Prompt: The expected response is the complete listing below, restated exactly, with its pictures omitted.

*** Opening Given information ***

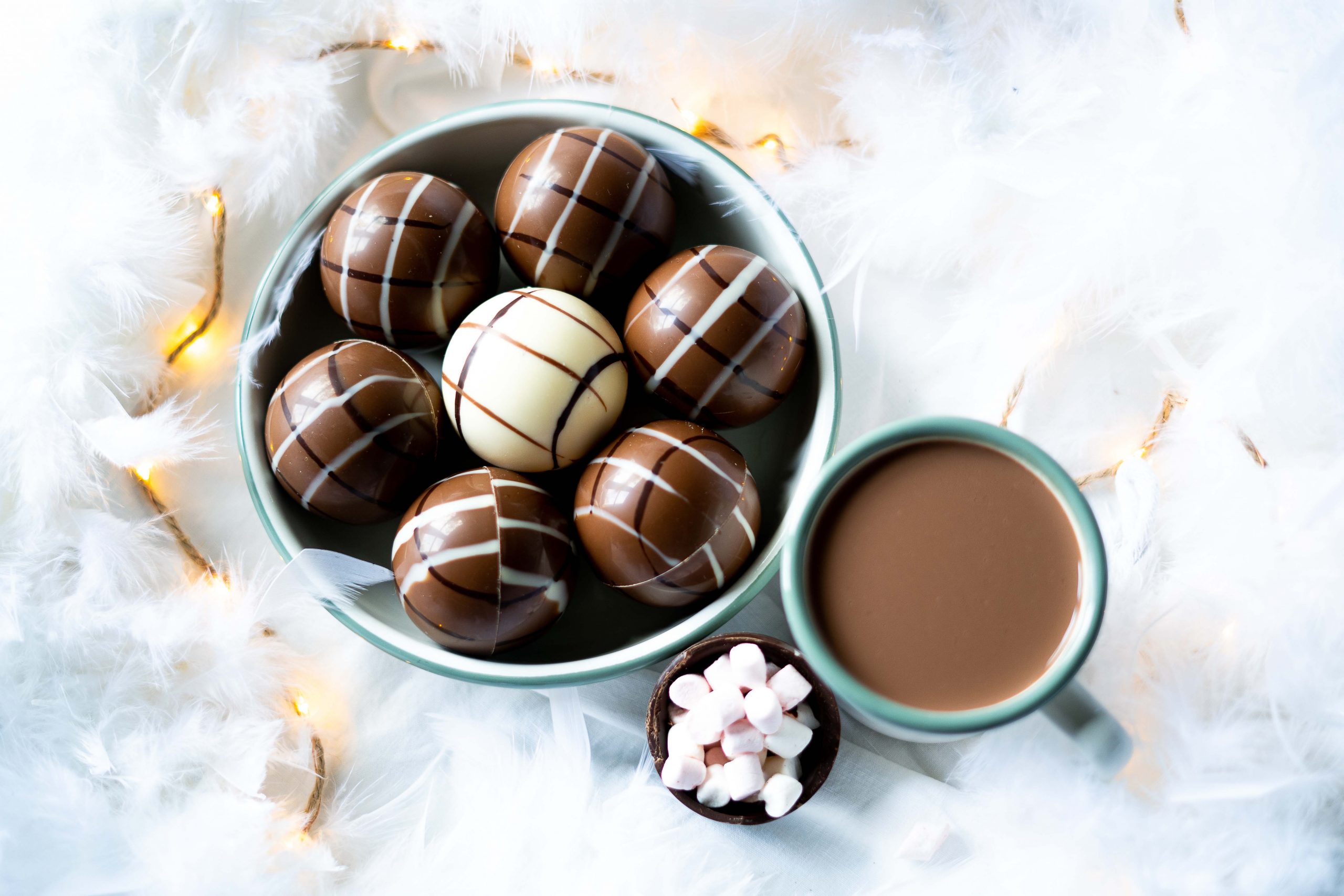 P&T Magic Hot Chocolate Balls in einer Schale, welche auf einem Untergrund mit Federn steht, ein halbierter Chocolate Ball mit Marshmallows, eine Tasse heiße Schokolade P&T Magic Hot Chocolate Balls in einer Schale, welche auf einem Untergrund mit Federn steht, ein halbierter Chocolate Ball mit Marshmallows, eine Tasse heiße Schokolade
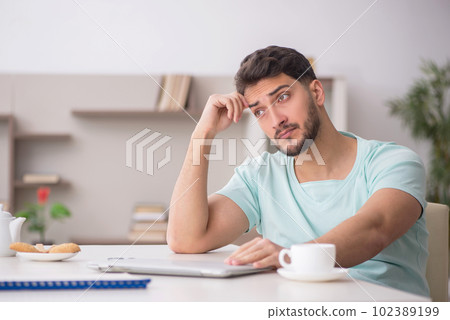 Young male freelancer working from home 102389199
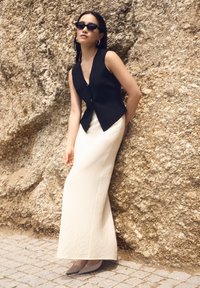 Crna bezrukavna majica s V izrezom, uparena s krem suknjom do tla i sivim cipelama s oštrim vrhom, protiv teksturirane stjenovite pozadine.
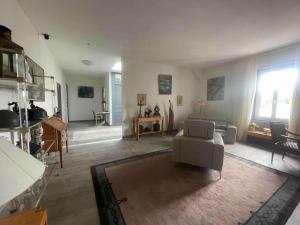 a living room with a couch and a table at Dormez Hors des 4 Temps { Maison Bardou} in Amboise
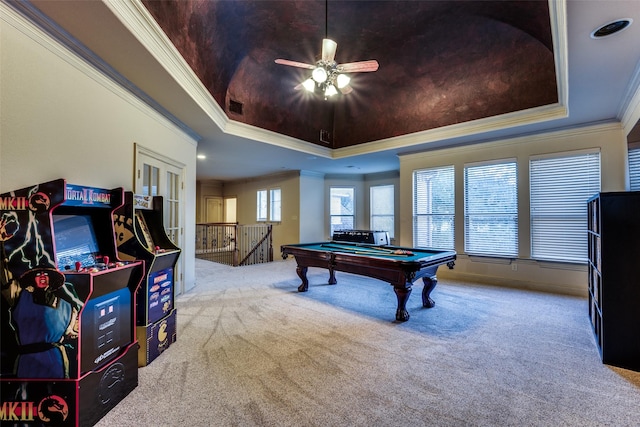 playroom featuring crown molding, carpet flooring, and a tray ceiling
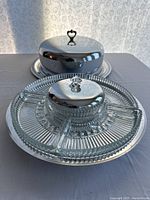 Front view of the two serving pieces including the glass divided tray with center dip bowl and the covered cake plate with cloche and heart-shaped handle knob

*** Closing Given information ***

Written answer:
 P&T Magic Hot Chocolate Balls in einer Schale, welche auf einem Untergrund mit Federn steht, ein halbierter Chocolate Ball mit Marshmallows, eine Tasse heiße Schokolade P&T Magic Hot Chocolate Balls in einer Schale, welche auf einem Untergrund mit Federn steht, ein halbierter Chocolate Ball mit Marshmallows, eine Tasse heiße Schokolade
 Young male freelancer working from home 102389199
 Crna bezrukavna majica s V izrezom, uparena s krem suknjom do tla i sivim cipelama s oštrim vrhom, protiv teksturirane stjenovite pozadine.
 a living room with a couch and a table at Dormez Hors des 4 Temps { Maison Bardou} in Amboise
 playroom featuring crown molding, carpet flooring, and a tray ceiling
 Front view of the two serving pieces including the glass divided tray with center dip bowl and the covered cake plate with cloche and heart-shaped handle knob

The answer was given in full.